Alternaria brassicicola causes black spot disease of cultivated Brassicas and has been used consistently as a necrotrophic fungal pathogen for studies with Arabidopsis. In A. brassicicola, mutant generation has been the most rate-limiting step for the functional analysis of individual genes due to low efficiency of both transformation and targeted integration. To improve the targeted gene disruption efficiency as well as to expedite gene disruption construct production, we used a short linear construct with minimal elements, an antibiotic resistance selectable marker gene, and a 250- to 600-bp-long partial target gene. The linear minimal element (LME) constructs consistently produced stable transformants for diverse categories of genes. Typically, 100% of the transformants were targeted gene disruption mutants when using the LME constructs, compared with inconsistent transformation and usually less than 10% targeted gene disruption with circular plasmid disruption constructs. Each mutant displayed a unique molecular signature thought to originate from endogenous exonuclease activities in fungal cells. Our data suggests that a DNA double-stranded break repair mechanism (DSBR) functions to increase targeting efficiency. This method is advantageous for high throughput gene disruption, overexpression, and reporter gene introduction within target genes, especially for asexual filamentous fungi where genetic approaches are unfavorable.

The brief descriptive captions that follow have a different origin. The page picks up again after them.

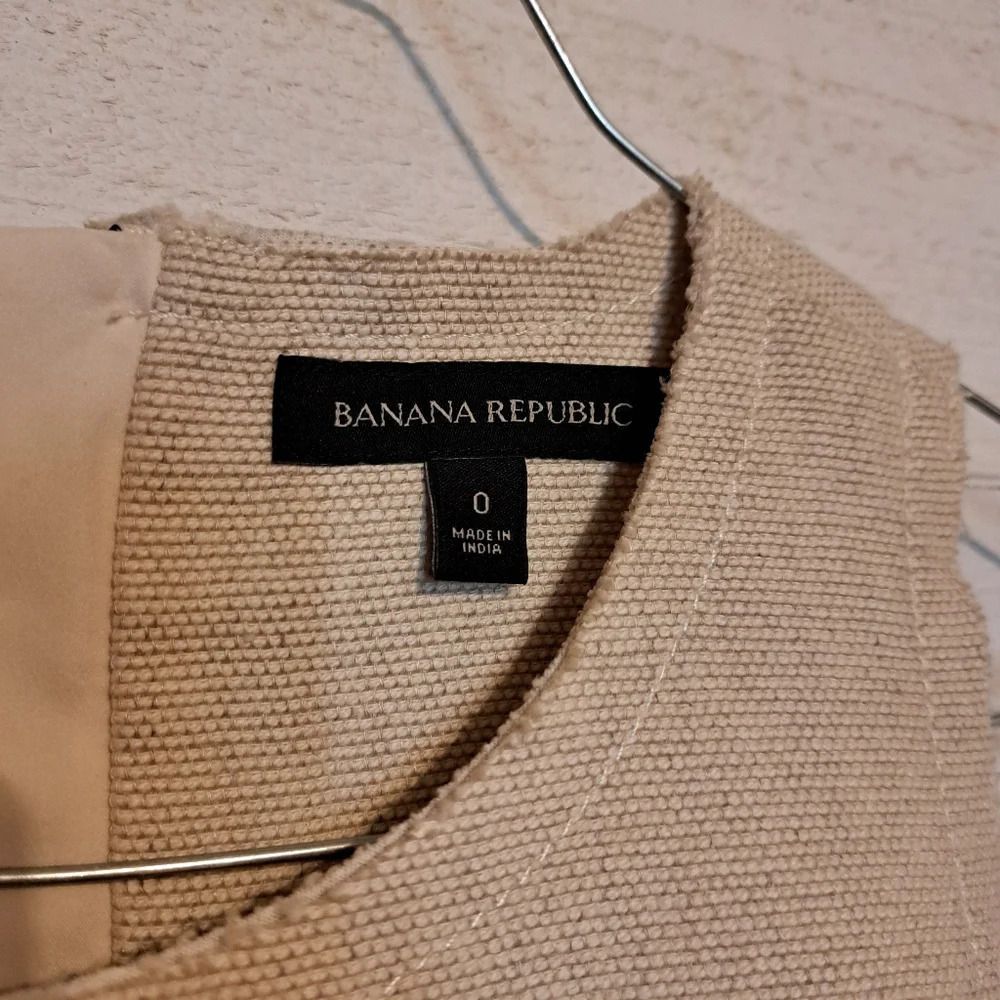 Banana Republic tan linen dress. Size 0 - Picture 6 of 6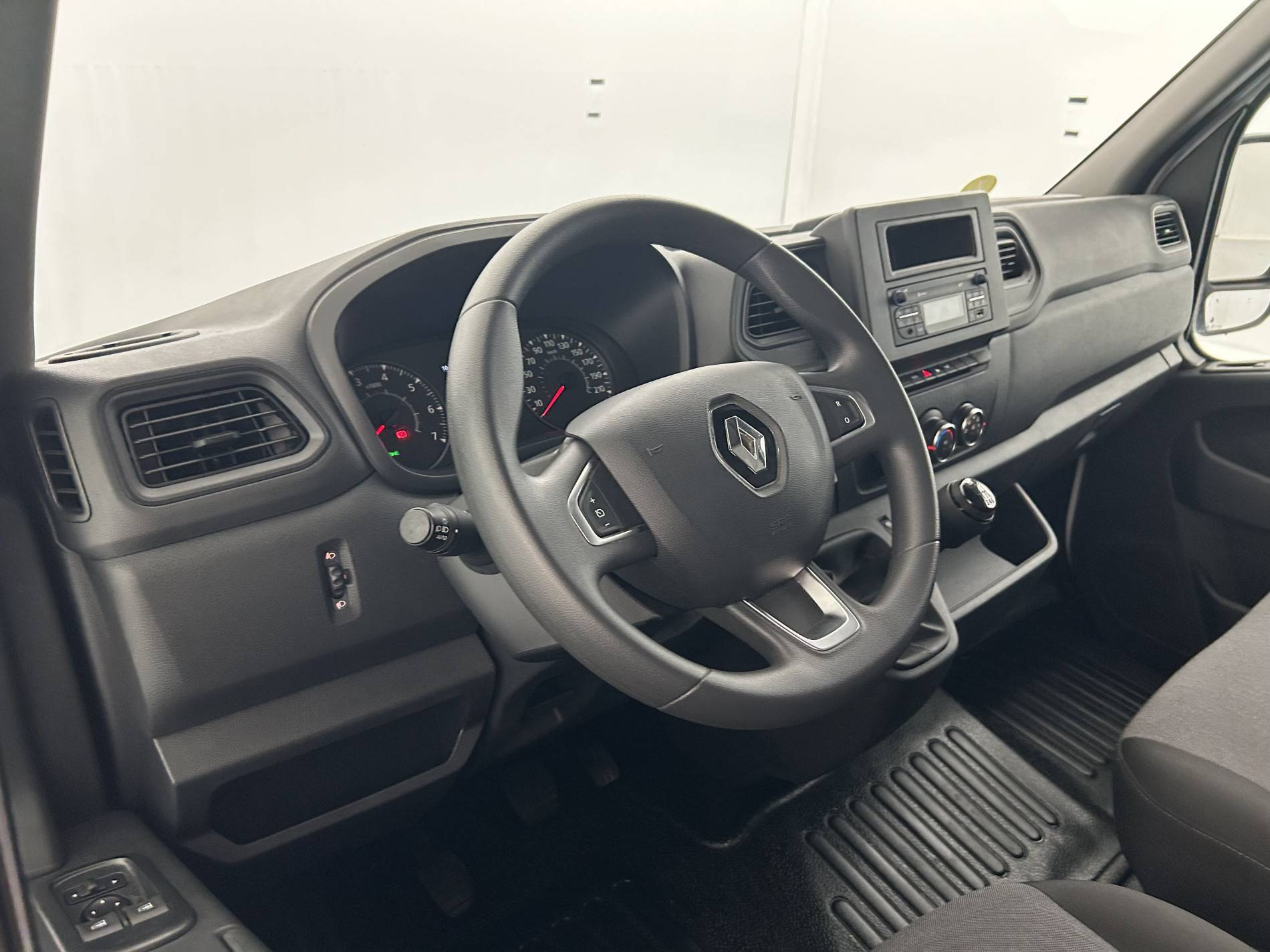 Vente en ligne Renault Master Fourgon MASTER FGN TRAC F3500 L2H2 BLUE DCI 135 au prix de 21 490 €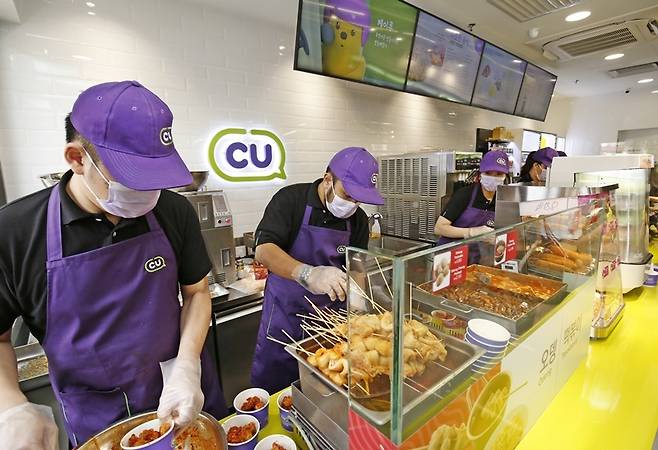 CU employees prepare Korean food items at the first CU convenience store in Kuala Lumpur, Malaysia. (BGF Retail)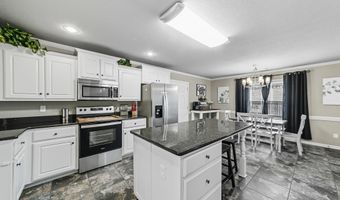 169 Creekside Dr, Austin, AR 72007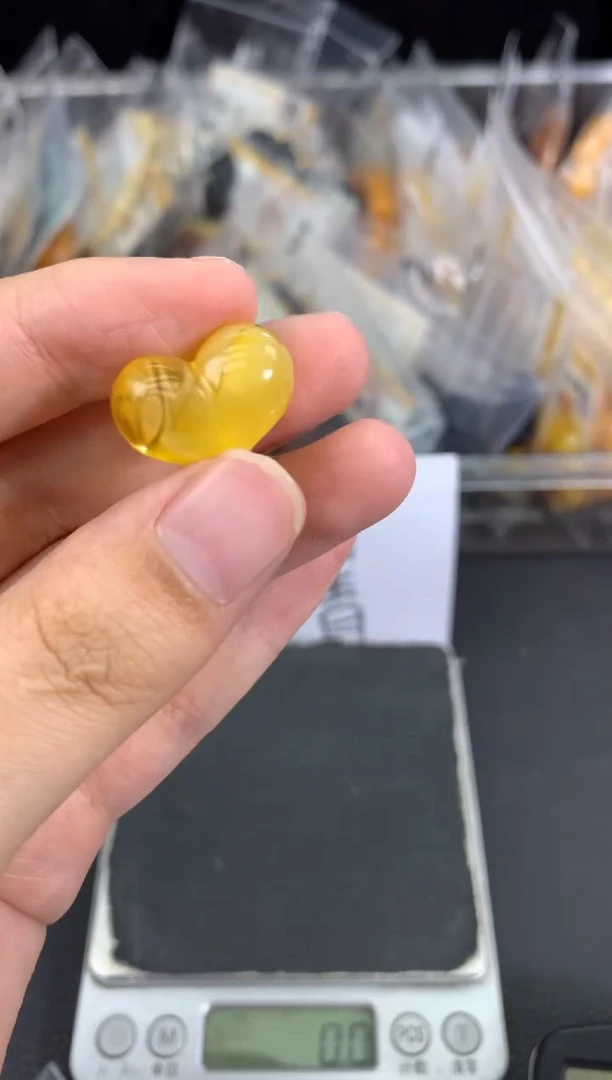 蜜蜡未镶嵌珠宝奇石94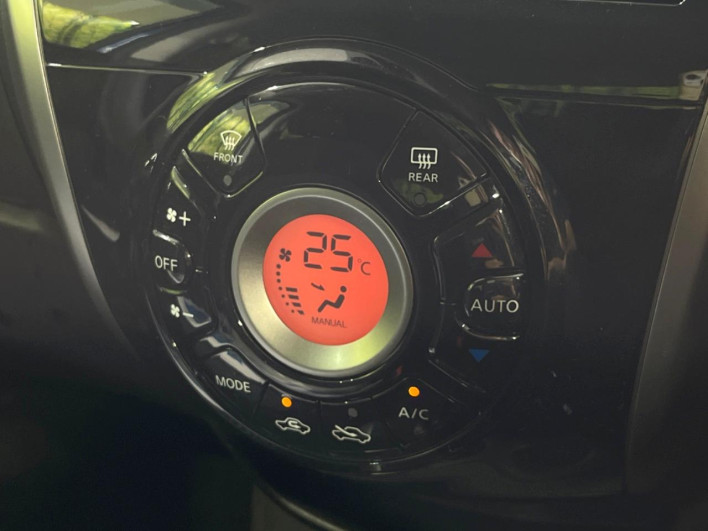 2015 Nissan Note DBA-E12 (UW-6a28d50fdd48a)[19]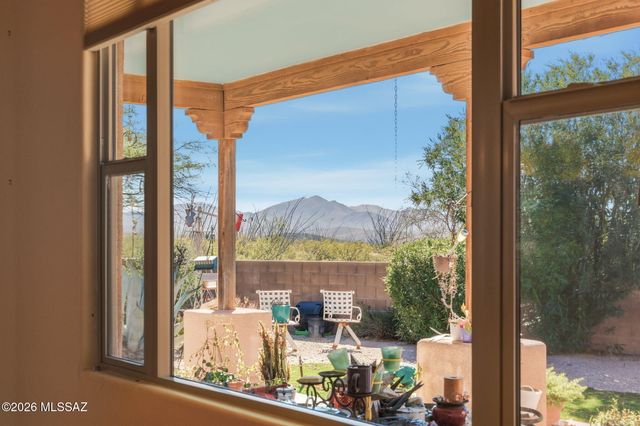 13430 S Taurus Place, Vail, AZ 85641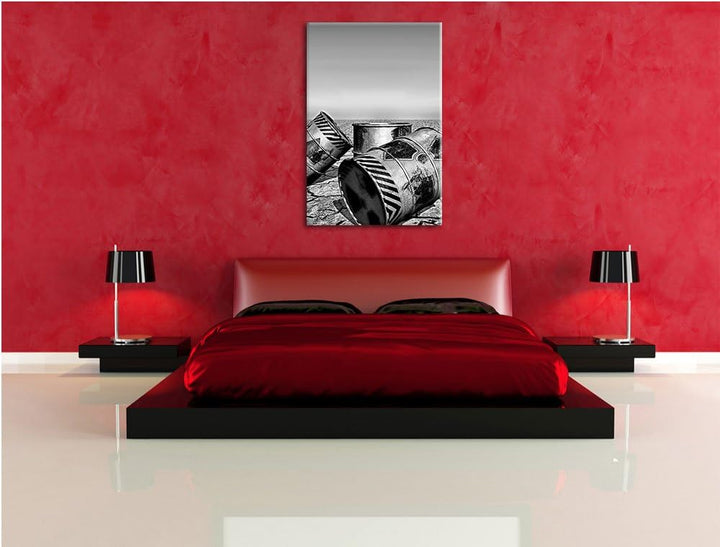 Pixxprint Monocrome, Atommüllfässer in ausgetrockneter Wüste, Format: 100x70 auf Leinwand, riesige B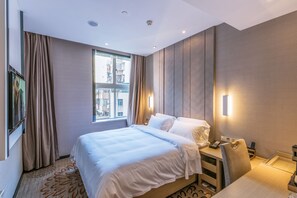 ميني بار ومكتب وستائر تعتيم وواي فاي مجانًا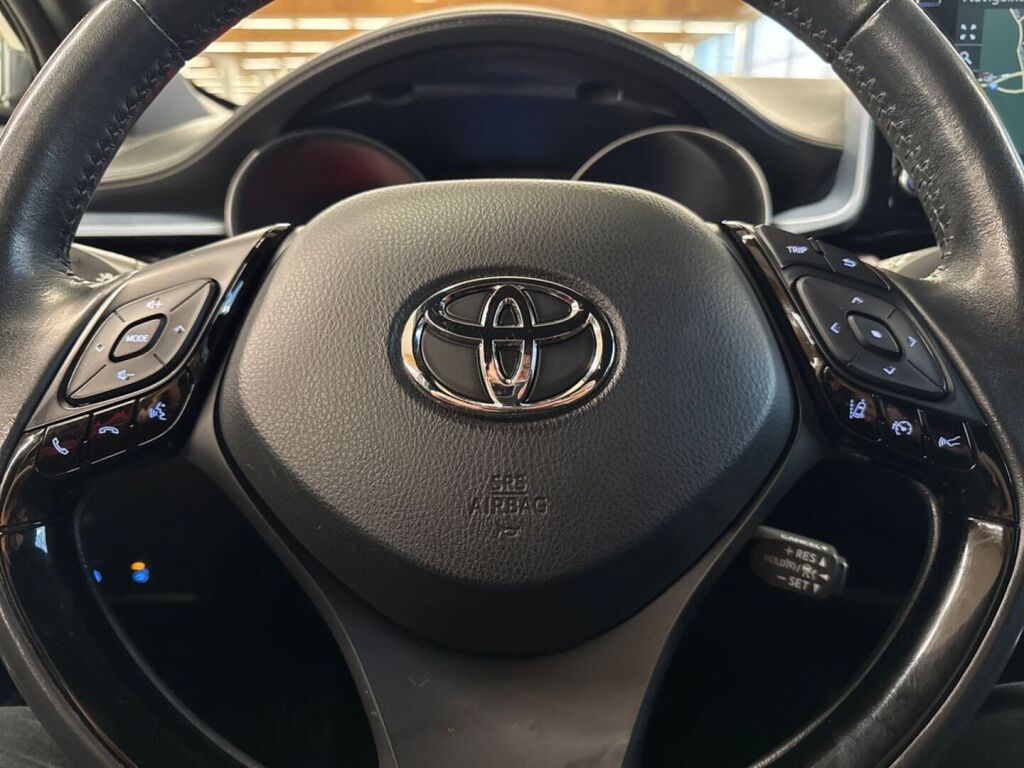 Toyota C-HR 2022 Harmaa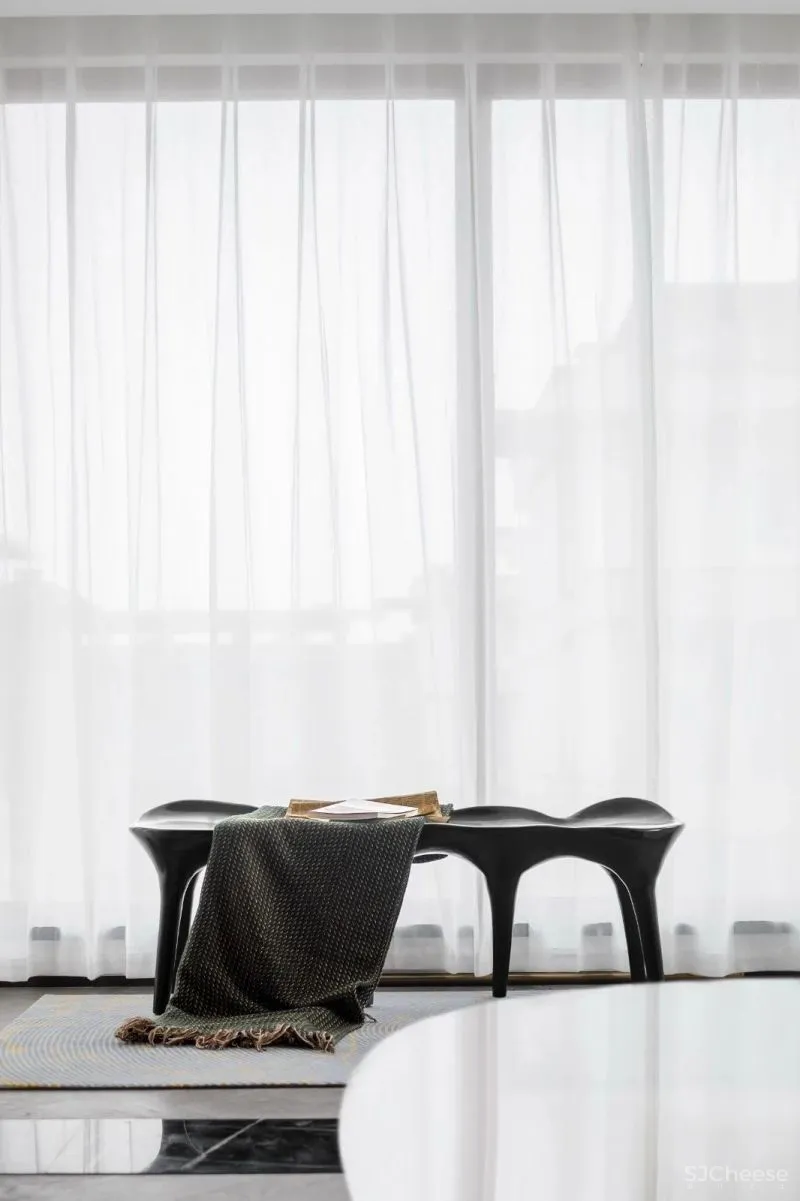 恰到好处的境调:一种态度,两种轻奢 上海岳蒙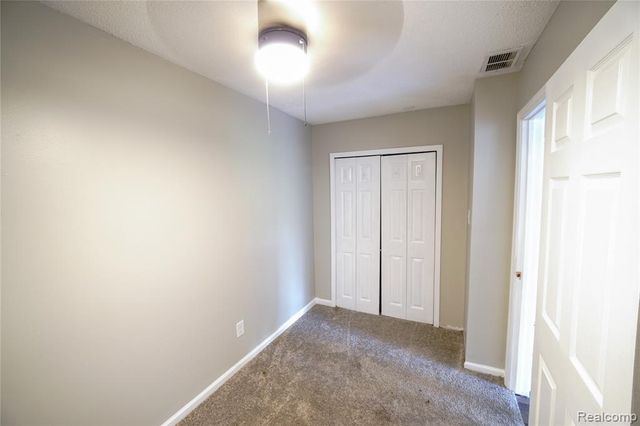 8365 Pontiac Lake Road 12, White Lake, MI 48386
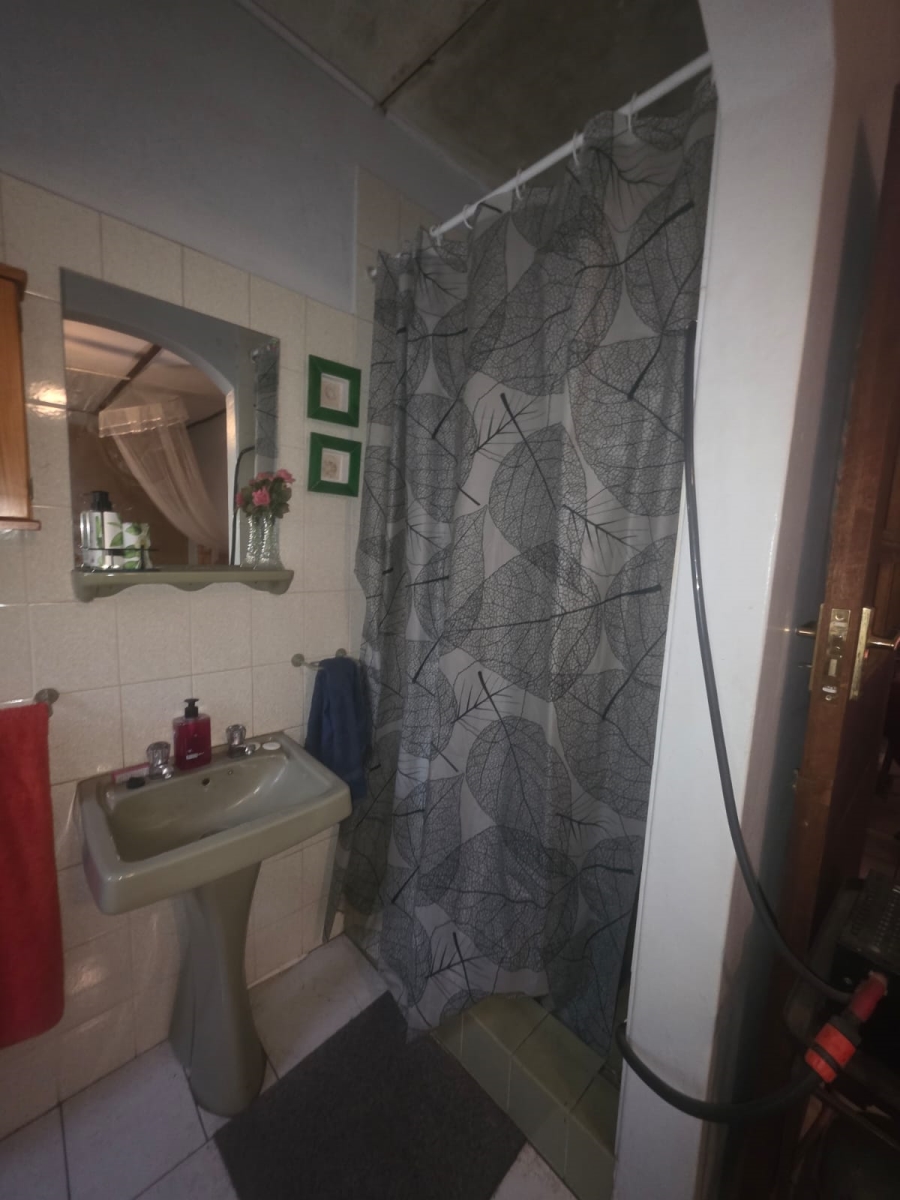 4 Bedroom Property for Sale in Kameelfontein Gauteng
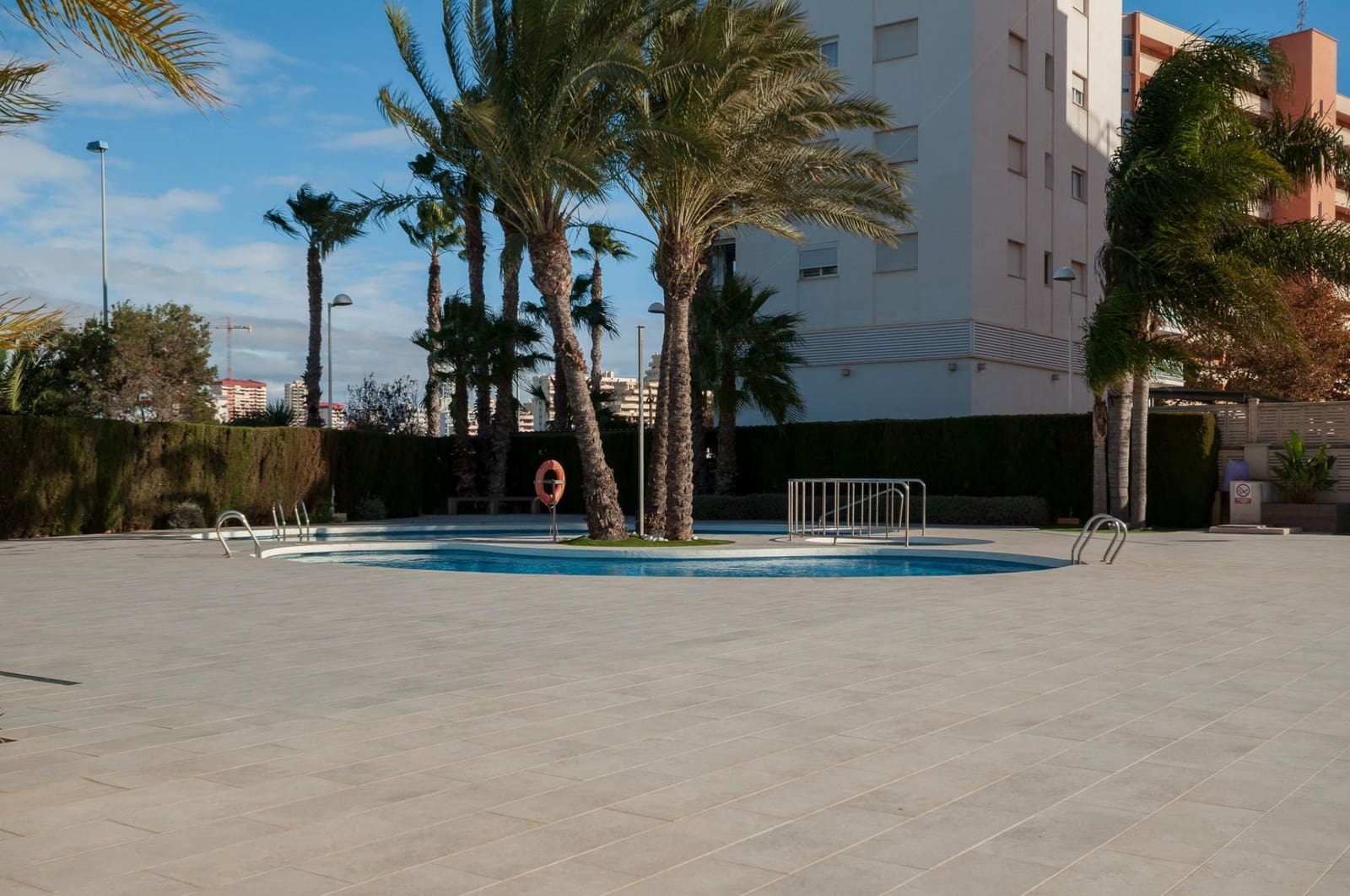 2 bedroom Apartment for sale in Calpe / Calp with pool - € 375,000 (Ref: 9440227)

A Pectate Lyase-Coding Gene Abundantly Expressed during Early Stages of Infection Is Required for Full Virulence in Alternaria brassicicola.

Alternaria brassicicola causes black spot disease of Brassica species. The functional importance of pectin digestion enzymes and unidentified phytotoxins in fungal pathogenesis has been suspected but not verified in A. brassicicola. The fungal transcription factor AbPf2 is essential for pathogenicity and induces 106 genes during early pathogenesis, including the pectate lyase-coding gene, PL1332. The aim of this study was to test the importance and roles of PL1332 in pathogenesis. We generated deletion strains of the PL1332 gene, produced heterologous PL1332 proteins, and evaluated their association with virulence. Deletion strains of the PL1332 gene were approximately 30% less virulent than wild-type A. brassicicola, without showing differences in colony expansion on solid media and mycelial growth in nutrient-rich liquid media or minimal media with pectins as a major carbon source. Heterologous PL1332 expressed as fusion proteins digested polygalacturons in vitro. When the fusion proteins were injected into the apoplast between leaf veins of host plants the tissues turned dark brown and soft, resembling necrotic leaf tissue. The PL1332 gene was the first example identified as a general toxin-coding gene and virulence factor among the 106 genes regulated by the transcription factor, AbPf2. It was also the first gene to have its functions investigated among the 19 pectate lyase genes and several hundred putative cell-wall degrading enzymes in A. brassicicola. These results further support the importance of the AbPf2 gene as a key pathogenesis regulator and possible target for agrochemical development.